In the Air Force, my first duty station was at Royal Air Force (RAF) Base Fairford,
As I am standing at attention, I noticed a black Staff Sergeant break into a run coming in my direction. He then foot planted off the desk beside me launching him self up and into the air. Please note: at this exact moment, I am still standing at attention. The Sergeant’s buttocks crossed in front of my face, at this exact moment in time I heard a loud noise, I am positive you can imagine what noise I heard. Without room for error, the noise was 100% flatulence. In fact, I thought the Sergeant had ripped his uniform pants the noise was so loud.
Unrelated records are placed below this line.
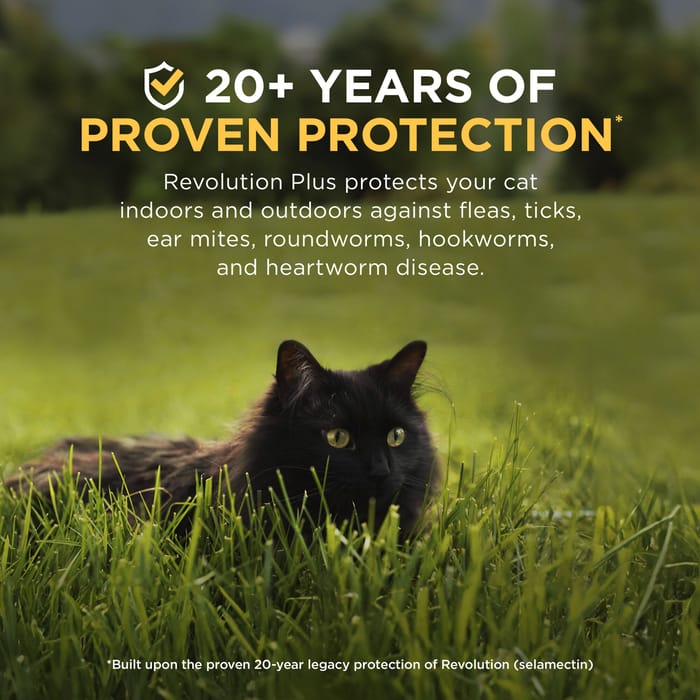 12075 product detail number 1.0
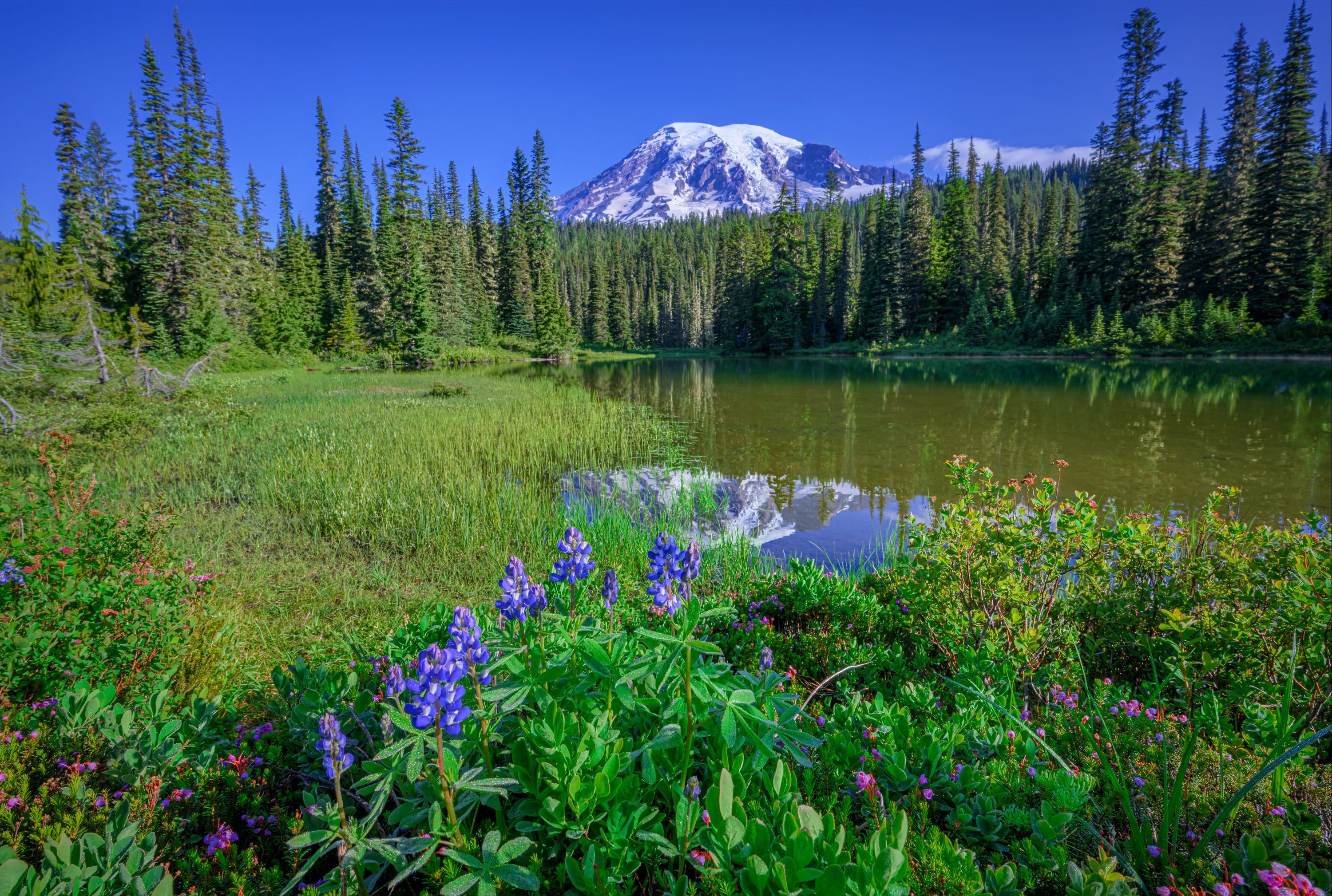 Vacations in Mount Rainier National Park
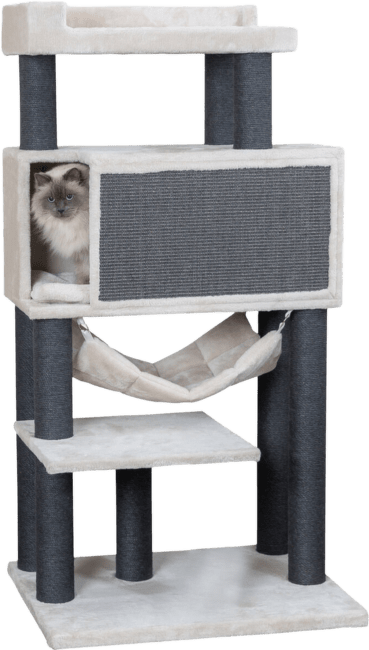 Mājiņa kaķiem – Trixie, Cat Tree, XXL Maciel, 155 cm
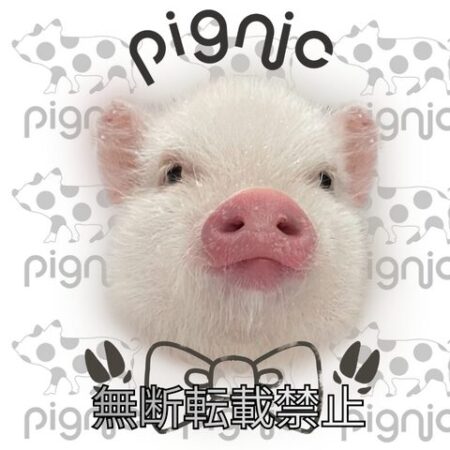 蝶ネクタイのイラストでおめかしした本物の可愛い白マイクロブタの顔写真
Still at attention, the entire office broke into an uproar of laughter. My face turned red with anger and embarrassment. Every muscle in my body tensed and tightened, I wanted to physically pound this guy. You see, I had never been farted on in my life! Sure, people had released gas, but not on me and definitely not directly in my face. Talk about being down right dirty and disgusting.
As the Staff Sergeant began his decent, he hit the wall next to me with a loud bang, and darted quickly out of the immediate area, disappearing into the warehouse. My fists were tight and my blood boiled as I was prepared to open up a royal can of whoop buns on this guy. However, I held back my emotion and constrained my attack out of respect for the Staff Sergeants rank. Did he deserve respect, I don’t think so, but it is all about control.
Who observed this reporting for duty? Johnny Ugmosis (warned them about me), Mudd, Big Mac, The Black Cowboy, The Rocker, The Hit Man, Country, G-Man, the Fryer, and of course, the culprit: Scary Larry.
G-Man actually approached me later and said, “In this office, you either fart or get farted on. I replied, “These are steel toe boots, so make my day.”